Turn your park into your own adventure. Escaping to green spaces, even if you live in a city jungle, can always offer a multitude of possibilities with training. Escape and adventure: work on boosting your endurance, strength, mobility and conditioning, ready for when you do hit the Great Outdoors.
Take one minute rest between sets in set exercises. Depending on fitness level or to increase difficulty, decrease rest time to challenge yourself, down from 60 seconds, to 45, to 30.
Duration: 60 minutes.
- Light Jog: 500 meters
- Bound for 50 meters
To bound properly, run with the longest strides you can take, like a triple jumper’s first two steps.
- Run with “high” knees for 50 meters, lifting your knees as high as you can.
- Skip for 50 meters, trying to get as high off the ground as possible.
- Sprint for 100 meters, but keep your body relaxed.
- Bear crawling – 5 sets (forward and back)
Bear crawling works the upper body, building strength and muscular endurance in the chest, triceps and shoulders and a strong core. Come down on all fours, trying to keep your hands underneath the shoulders and knees underneath hip. Raise the knees up, and start to crawl, using hands and feet to travel. Bear crawl forward for 20 meters and without resting, then bear crawl backward 20 meters.
- Dead bugs: 3 sets 8-12 reps
Lay flat on your back with your hands extended above you toward the ceiling. Bend your knees in 90 degree angle and raise your thighs until they are perpendicular to the floor. Now deeply exhale and embrace your abs to bring your rib cage down and flatten you back onto the floor. Slowly lower the right arm and the left leg down to the floor simultaneously while exhaling, then slowly return to the starting position while inhaling. Alternate sides and continue the movement for three sets.
- Push ups: 3 sets 8-12 reps
Three variations depending on ability: Beginner, intermediate, advanced options:
Beginner: Regressed push-up
This is a push up with hands on raised surface: you can use a bench, wall, higher surface ground.

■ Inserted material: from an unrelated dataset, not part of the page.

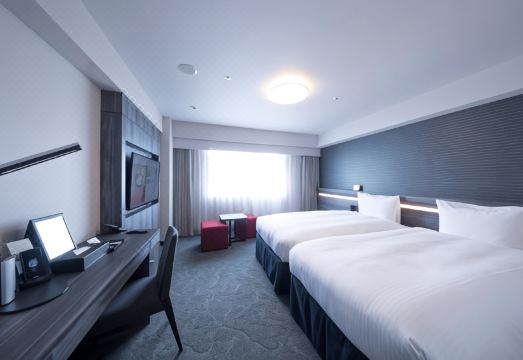 구마모토 시내 전경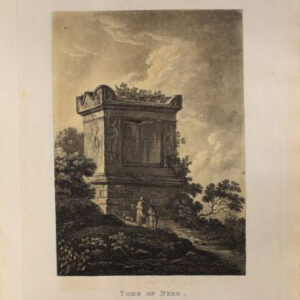 Fine-Antique-Prints-Tomb-Nero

Elevating your hands is less mechanical work, but you’re keeping the same biomeachincs of the press-up movement, whereas if you drop the knees as an easier modification, you don’t require as much core stability. Start in a normal push up position, with your hands on a raised surface. Lower down and press up.
Intermediate: Explosive push up
Start in a normal push up position, but with the hands out slightly wider. Lower down and press up explosively, push quickly and hard enough to get space between the floor and your hands, landing with the hands in a narrower stance. Absorb the landing and then repeat, going from narrow to wide. This exercise gives you the upper body power to get up quickly.
Advanced: Raised-Leg Diamond Pushups.
These hit core, shoulders, triceps, chest, and back. Get into a pushup position with hands making a diamond shape directly under your chest and raise one leg as high as possible before it bends. Perform 30 seconds of pushups then switch legs.
- Bird Dog: 3 sets 8-12 reps
Start on your hands and knees, with a neutral spine. Extend a leg and learn how to feel your glute moving your leg rather than your lower back. Once you can do leg, the extend the opposing arm at the same time.
- Backward walking Lunge: 3 sets 8-12 reps
Stand straight and step the right foot back, keeping the weight on the front foot, with both knees drop to 90 degrees. Step back to meet the left foot, and repeat on the other side.
- Long/Broad jumps: 3 sets 12-15 reps
Get into a squat position with the feet shoulder-width apart on soft surface. Squat down deep and explode up, using your entire body to thrust yourself forward. Land softly on the ground and immediately move onto the next jump.
- Sprint up hill to end
For lower levels of fitness job quickly up the hill. Increase difficulty by increasing speed of sprint or number of times you sprint the hill.